[Don't merge] Deploying DeepSeek-R1 on H20-96G with SGLang: Best Practices #4

TianyuZhang1214 · 2025-10-20T12:06:58Z

Deploying DeepSeek-R1 on H20-96G with SGLang: Best Practices

Introduction

We published an article on LMSYS titled "Together with SGLang: Best Practices for Serving DeepSeek-R1 on H20-96G", sharing our best practices for deploying the DeepSeek-R1 model on H20-96G hardware.
To facilitate reproduction of our experimental results and provide access to our code, we have released this pull request in the DeepSeek-R1 repository.

Reproduction Steps

Pulling the Docker Image

To obtain the Docker image, use the following command:

docker pull ghcr.io/antgroup/sglang:h20-blog-release

The image is hosted at: https://github.com/orgs/antgroup/packages/container/package/sglang

Checking Environment Variables

All environment variables are stored in the /root/env.sh file, configured for our H20 environment. Before launching SGLang, verify that these variables are suitable for your environment.

Launching SGLang

We recommend running four containers: two for Prefill nodes and two for Decode nodes.
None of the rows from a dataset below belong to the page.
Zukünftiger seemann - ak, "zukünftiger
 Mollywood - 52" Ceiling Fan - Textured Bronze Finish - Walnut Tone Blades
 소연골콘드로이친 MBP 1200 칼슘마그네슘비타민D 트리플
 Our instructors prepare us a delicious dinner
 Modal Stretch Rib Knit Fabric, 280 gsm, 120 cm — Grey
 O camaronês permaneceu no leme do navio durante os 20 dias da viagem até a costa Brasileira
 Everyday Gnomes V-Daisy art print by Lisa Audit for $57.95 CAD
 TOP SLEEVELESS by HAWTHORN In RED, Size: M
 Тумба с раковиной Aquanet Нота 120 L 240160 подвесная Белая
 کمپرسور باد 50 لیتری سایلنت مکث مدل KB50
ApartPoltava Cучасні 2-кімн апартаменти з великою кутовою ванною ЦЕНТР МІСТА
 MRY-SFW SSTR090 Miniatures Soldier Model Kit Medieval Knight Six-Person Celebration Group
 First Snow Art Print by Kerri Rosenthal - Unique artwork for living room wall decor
1. Launching Prefill Nodes (Identical Configuration for Both Nodes)

Note:

Both Prefill nodes use the same launch parameters.
Adjust the port number if there is a conflict.

PYTHONUNBUFFERED=1 \
SGL_CHUNKED_PREFIX_CACHE_THRESHOLD=0 \
nohup python3 -m sglang.launch_server \
--trust-remote-code \
--model-path /path/to/DeepSeek-R1 \
--disaggregation-mode prefill \
--disaggregation-transfer-backend mooncake \
--disaggregation-ib-device mlx5_bond_0,mlx5_bond_1,mlx5_bond_2,mlx5_bond_3 \
--host 0.0.0.0 \
--port 61001 \
--tp-size 8 \
--page-size 64 \
--attention-backend fa3 \
--mem-fraction-static 0.9 \
--chunked-prefill-size 16384 \
--max-running-requests 512 \
--context-length 65535 \
--enable-cache-report \
--log-level info \
--load-balance-method round_robin \
--quantization fp8 \
--kv-cache-dtype fp8_e4m3 \
> /home/admin/logs/stdout.log 2>&1 &

2. Launching Decode Nodes

Note:

Set {node_rank} to 0 or 1 for the respective node.
Replace {decode_master_ip} with the IP address of Node 0.
Adjust the port number if there is a conflict.

Node-0

PYTHONUNBUFFERED=1 \
SGL_ENABLE_JIT_DEEPGEMM=1 \
SGLANG_DEEPEP_NUM_MAX_DISPATCH_TOKENS_PER_RANK=64 \
ENABLE_SWAPAB=1 \
nohup python3 -m sglang.launch_server \
--model-path /path/to/DeepSeek-R1 \
--disaggregation-mode decode \
--disaggregation-transfer-backend mooncake \
--disaggregation-ib-device mlx5_bond_0,mlx5_bond_1,mlx5_bond_2,mlx5_bond_3 \
--disaggregation-bootstrap-port 9000 \
--attention-backend flashmla \
--host 0.0.0.0 \
--port 61001 \
--trust-remote-code \
--dist-init-addr {decode_master_ip}:62001 \
--nnodes 2 \
--node-rank {node_rank} \
--tp-size 16 \
--dp-size 16 \
--enable-dp-attention \
--mem-fraction-static 0.88 \
--max-running-requests 512 \
--context-length 65535 \
--log-level info \
--decode-log-interval 50 \
--page-size 64 \
--schedule-conservativeness 0.3 \
--enable-cache-report \
--moe-dense-tp-size 1 \
--enable-deepep-moe \
--enable-dp-lm-head \
--cuda-graph-max-bs 32 \
--speculative-algorithm NEXTN \
--speculative-num-steps 1 \
--speculative-eagle-topk 1 \
--speculative-num-draft-tokens 2 \
--init-expert-location /root/expert_workload.json \
--prefill-round-robin-balance \
--quantization fp8 \
--kv-cache-dtype fp8_e4m3 \
--deepep-mode low_latency_overlap \
--enable-single-batch-overlap \
> /home/admin/logs/stdout.log 2>&1 &

3. Launching SGLang Router

Note:

Replace {decode_master_ip}, {prefill_node_0_ip}, and {prefill_node_1_ip} with the respective IP addresses.
Adjust the port number if there is a conflict.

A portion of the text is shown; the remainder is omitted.